The mists wavered under the hot sun when it broke through the clouds. I stopped to scan the sea again once I reached the top of the large hill. There was no sign of any vessel. I sighed in relief. As much as I did not want to live out the rest of my life on the island, I was not ready to leave it yet. Being away from the war made me see it for what it was and I was in no hurry to see more men being torn apart by cannons.
I climbed back down feeling lighter than I had earlier that day.
“Any sign of the ship?” called Dash.
“I must be seeing things. There’s nothing out there.”
He crossed his arms. “Seeing things that are not there could be considered a sort of blindness.”
We stopped and rested for the night. Dash started a fire while I dug out coconut meat for both of us. When we were finished eating, I watched as the stars appeared in the sky.
Dash cleared his throat.
“I loved music,” he said. “Listening to it, playing it, writing it. That’s what makes this place feel so empty.”
“Tell me about it,” I muttered.
He really did hate my company.
“Pardon?” he asked.
“Nothing. I’ve always like music, too, but my tastes wouldn’t be as refined as yours. Did you go to the opera often back home?”
“Oh, yes. I hosted dinner parties with my older sister. All our closest friends played music like us. I was in the middle of composing my own song before I left to serve Napoleon.”
“It will be there when you return. You can finish it one day.”
“That was a different life. I’m someone else now. The world isn’t even what it used to be.”
He was right in a sense, but I still wanted to believe that one could make his own life if he had the willpower. I imagined him bent over a desk, writing out the notes to a song. I never had the opportunity to attend fancy recitals or the opera, but I loved music just as much as he did. Distant memories of my father playing his fiddle after dinner returned to me. I closed my eyes and listened to a lively echoing tune in my mind. It was the first time I was able to think about Pa without feeling great pain.
“My Ma and I were dirt poor after my father passed away, but she always found a way to bring me to the festivals in town. I’d get lost in the ballads as I sat there listening to the musicians play.”
“Country fairs have their charm,” said Dash.
That was almost kind. “I cannot think of freer days than those spent with my mother on warm summer nights. Sitting and listening to the musicians play their instruments under the starry sky. We were rich in those moments.”
“I’m trying to imagine the two of you among the peasants strumming their stringed instruments. It must have been a quaint setting.”
A restless bird’s chirping in the trees brought me back to the present. I turned my head to glance at Dash. He was facing me.
“It would be something to hear you play the piano,” I said.
“I would be the freak show of France.”
I winced, unable to find the right words to say in response. Perhaps I needed to stop pushing him to accept his new world so quickly.
“Do you think we’ll ever get out of here?” he asked.
“I don’t know. Maybe we will.”
We had enough food sources, but our main concern was water.

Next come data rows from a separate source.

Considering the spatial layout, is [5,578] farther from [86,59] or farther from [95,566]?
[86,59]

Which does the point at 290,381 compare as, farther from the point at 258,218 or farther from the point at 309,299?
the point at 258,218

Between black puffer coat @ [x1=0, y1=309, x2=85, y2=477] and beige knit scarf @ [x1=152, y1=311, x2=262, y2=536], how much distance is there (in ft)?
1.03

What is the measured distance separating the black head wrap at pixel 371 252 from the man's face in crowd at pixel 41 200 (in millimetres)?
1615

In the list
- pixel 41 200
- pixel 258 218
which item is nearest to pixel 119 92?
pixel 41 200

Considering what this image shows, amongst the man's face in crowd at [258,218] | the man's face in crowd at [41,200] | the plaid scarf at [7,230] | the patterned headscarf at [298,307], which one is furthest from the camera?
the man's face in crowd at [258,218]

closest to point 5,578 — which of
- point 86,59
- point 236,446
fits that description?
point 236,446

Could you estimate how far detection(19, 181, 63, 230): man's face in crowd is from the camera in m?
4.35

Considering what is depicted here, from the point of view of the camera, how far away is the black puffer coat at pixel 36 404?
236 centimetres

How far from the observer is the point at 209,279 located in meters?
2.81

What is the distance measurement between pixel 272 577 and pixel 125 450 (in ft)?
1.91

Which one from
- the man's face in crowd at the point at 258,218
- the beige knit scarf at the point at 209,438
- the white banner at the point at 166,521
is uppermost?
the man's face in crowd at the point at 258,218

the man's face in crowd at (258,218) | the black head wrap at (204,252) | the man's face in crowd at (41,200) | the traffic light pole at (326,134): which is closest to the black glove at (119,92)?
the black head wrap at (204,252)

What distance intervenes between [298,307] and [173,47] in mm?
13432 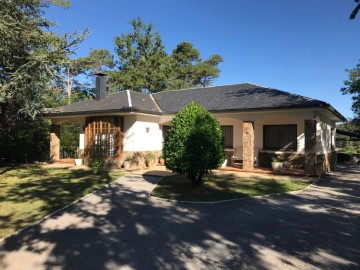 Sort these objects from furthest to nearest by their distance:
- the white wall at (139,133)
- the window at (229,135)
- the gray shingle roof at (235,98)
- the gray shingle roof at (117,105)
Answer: the window at (229,135) → the white wall at (139,133) → the gray shingle roof at (117,105) → the gray shingle roof at (235,98)

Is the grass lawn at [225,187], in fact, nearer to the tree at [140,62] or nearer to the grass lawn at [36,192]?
the grass lawn at [36,192]

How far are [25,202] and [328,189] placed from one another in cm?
1085

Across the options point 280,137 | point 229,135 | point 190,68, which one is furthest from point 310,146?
point 190,68

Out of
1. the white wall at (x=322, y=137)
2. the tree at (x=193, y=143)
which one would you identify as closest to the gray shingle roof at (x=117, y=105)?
the tree at (x=193, y=143)

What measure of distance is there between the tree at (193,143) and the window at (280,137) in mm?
8412

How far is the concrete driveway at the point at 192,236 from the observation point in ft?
16.3

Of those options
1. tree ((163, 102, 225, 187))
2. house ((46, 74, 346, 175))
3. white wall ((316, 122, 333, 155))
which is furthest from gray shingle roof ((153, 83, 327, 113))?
tree ((163, 102, 225, 187))

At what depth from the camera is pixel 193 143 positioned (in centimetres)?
1047

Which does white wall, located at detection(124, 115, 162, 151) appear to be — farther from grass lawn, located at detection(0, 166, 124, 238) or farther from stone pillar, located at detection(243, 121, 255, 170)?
stone pillar, located at detection(243, 121, 255, 170)

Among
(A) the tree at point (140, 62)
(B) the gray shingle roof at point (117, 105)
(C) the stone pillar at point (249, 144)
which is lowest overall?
(C) the stone pillar at point (249, 144)

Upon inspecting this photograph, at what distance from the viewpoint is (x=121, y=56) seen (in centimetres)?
4291

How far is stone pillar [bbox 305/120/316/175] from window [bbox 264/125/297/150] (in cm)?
299

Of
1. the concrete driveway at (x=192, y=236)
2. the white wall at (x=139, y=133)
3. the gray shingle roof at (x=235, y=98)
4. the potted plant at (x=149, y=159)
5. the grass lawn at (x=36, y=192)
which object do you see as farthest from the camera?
the potted plant at (x=149, y=159)

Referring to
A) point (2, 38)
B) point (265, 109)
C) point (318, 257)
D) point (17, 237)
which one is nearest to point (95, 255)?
point (17, 237) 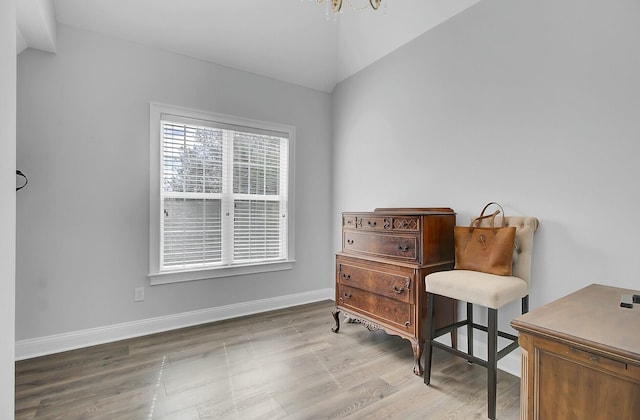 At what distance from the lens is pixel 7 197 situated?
1188mm

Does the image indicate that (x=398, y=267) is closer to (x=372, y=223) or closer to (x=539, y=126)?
(x=372, y=223)

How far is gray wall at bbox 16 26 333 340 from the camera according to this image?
2336mm

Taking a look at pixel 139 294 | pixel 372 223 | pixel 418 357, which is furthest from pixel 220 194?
pixel 418 357

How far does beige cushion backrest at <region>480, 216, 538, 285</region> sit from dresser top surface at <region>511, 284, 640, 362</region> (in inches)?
23.5

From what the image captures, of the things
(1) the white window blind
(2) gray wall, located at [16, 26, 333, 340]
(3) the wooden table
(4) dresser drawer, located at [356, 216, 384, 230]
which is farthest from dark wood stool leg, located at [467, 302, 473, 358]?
(2) gray wall, located at [16, 26, 333, 340]

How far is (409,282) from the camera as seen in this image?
2135 mm

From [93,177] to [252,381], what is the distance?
6.88 feet

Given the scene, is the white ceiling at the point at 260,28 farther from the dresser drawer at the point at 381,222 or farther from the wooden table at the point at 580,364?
the wooden table at the point at 580,364

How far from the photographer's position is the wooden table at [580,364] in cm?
83

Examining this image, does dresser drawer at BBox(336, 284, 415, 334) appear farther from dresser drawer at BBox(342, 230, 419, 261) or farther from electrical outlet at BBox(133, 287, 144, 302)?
electrical outlet at BBox(133, 287, 144, 302)

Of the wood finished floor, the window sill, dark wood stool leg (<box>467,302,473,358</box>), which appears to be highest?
the window sill

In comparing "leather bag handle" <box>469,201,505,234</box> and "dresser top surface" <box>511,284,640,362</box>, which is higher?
"leather bag handle" <box>469,201,505,234</box>

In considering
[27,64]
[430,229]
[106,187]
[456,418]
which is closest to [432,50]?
[430,229]

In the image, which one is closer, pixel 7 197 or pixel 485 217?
pixel 7 197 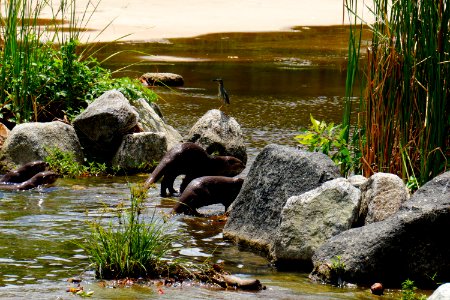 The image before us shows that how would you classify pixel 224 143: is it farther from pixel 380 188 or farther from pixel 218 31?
pixel 218 31

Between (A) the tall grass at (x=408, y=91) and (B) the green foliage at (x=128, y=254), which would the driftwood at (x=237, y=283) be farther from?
(A) the tall grass at (x=408, y=91)

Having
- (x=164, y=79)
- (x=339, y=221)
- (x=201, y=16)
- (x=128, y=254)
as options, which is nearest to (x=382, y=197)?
(x=339, y=221)

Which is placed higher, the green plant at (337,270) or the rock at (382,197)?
the rock at (382,197)

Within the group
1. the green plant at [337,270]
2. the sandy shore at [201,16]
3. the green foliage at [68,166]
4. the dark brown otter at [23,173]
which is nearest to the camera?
the green plant at [337,270]

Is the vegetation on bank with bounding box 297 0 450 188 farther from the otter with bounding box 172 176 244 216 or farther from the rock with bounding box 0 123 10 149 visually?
the rock with bounding box 0 123 10 149

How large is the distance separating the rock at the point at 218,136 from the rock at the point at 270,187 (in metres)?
3.41

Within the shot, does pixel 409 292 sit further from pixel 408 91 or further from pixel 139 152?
pixel 139 152

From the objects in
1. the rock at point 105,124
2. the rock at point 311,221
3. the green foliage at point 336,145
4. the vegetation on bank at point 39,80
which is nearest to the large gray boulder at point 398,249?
the rock at point 311,221

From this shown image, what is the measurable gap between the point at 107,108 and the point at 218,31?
66.2 ft

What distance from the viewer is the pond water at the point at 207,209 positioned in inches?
263

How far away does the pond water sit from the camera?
6672 millimetres

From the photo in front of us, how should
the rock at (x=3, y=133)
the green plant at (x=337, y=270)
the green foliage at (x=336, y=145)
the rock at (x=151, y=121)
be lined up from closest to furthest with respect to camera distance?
the green plant at (x=337, y=270), the green foliage at (x=336, y=145), the rock at (x=3, y=133), the rock at (x=151, y=121)

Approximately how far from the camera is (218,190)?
952 centimetres

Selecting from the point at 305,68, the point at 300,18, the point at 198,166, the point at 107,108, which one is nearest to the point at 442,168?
the point at 198,166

The coconut supply wouldn’t last forever at the rate we consumed them. Once they ran out, we would have to rely on collecting dew from plants, and water from the odd rainfall. Dying of thirst would be a concern if we were still on the island in a few months.
“You seem so optimistic for one so poor. No offence, of course. It just puzzles me.”

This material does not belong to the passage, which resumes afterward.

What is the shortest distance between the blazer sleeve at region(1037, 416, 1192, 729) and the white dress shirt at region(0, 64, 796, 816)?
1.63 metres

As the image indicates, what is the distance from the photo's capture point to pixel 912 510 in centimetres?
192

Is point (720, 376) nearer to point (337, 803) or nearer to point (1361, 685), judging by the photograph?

“When you’re poor, the only thing that keeps you going is hope. I want to believe that the world still has much to offer me.”

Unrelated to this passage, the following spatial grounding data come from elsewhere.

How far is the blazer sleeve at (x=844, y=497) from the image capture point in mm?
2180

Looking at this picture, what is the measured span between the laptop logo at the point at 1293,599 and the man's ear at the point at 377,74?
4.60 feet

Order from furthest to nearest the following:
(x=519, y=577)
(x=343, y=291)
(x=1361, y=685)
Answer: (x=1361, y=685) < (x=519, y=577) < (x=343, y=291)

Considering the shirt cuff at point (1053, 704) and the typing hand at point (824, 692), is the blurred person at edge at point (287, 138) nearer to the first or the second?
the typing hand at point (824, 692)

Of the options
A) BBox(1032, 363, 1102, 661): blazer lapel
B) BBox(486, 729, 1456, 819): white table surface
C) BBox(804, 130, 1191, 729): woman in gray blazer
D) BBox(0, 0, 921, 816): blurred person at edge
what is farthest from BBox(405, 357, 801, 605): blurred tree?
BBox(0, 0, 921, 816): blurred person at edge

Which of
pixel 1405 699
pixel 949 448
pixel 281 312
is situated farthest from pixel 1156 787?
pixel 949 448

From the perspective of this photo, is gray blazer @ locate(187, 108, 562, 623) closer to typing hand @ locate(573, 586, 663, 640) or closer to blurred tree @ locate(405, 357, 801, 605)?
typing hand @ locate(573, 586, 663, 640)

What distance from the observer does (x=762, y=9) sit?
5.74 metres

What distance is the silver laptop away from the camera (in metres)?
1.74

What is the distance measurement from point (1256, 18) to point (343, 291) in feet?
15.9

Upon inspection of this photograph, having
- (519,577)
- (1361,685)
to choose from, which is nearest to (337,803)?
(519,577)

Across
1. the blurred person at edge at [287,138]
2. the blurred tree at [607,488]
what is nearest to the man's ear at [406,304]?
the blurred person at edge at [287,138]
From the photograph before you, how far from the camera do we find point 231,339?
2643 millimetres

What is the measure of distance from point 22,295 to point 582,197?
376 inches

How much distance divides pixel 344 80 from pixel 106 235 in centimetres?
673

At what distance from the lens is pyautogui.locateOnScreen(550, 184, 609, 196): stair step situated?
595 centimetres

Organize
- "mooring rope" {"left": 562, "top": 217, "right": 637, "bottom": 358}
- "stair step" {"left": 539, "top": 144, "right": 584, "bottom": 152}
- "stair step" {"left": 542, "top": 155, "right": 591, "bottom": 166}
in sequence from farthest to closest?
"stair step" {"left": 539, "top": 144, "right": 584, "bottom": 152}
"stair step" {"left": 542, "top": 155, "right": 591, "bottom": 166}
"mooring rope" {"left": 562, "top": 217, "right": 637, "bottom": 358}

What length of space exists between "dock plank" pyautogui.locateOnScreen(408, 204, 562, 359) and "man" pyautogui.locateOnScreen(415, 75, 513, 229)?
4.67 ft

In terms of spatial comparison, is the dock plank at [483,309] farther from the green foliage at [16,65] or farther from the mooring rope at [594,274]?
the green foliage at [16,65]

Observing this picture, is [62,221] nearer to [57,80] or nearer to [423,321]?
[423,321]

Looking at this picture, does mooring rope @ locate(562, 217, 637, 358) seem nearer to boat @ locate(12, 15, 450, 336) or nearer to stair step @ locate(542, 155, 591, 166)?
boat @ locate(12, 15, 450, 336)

“It feels like the world as we knew it has already ended. Even if I hadn’t been blinded from the fire, I’m not sure what exactly we’ll be coming home to.”
“I’ve thought the same.”
“You don’t seem to think negative thoughts.”
“I have to fight them with all that is in me, Dash. If I don’t, I’d never be able to rise above them. I don’t have a refuge that I can go to when this is all over. My mother is strong, but she has been ill for a while. The only person I can depend on is myself.”
The lapse in our conversation gave rise to my racing thoughts. As he fell asleep, isolation sunk deep into my bones. The sea was so calm that I could hear his steady breathing instead of the waves. He always fell asleep first, leaving me alone.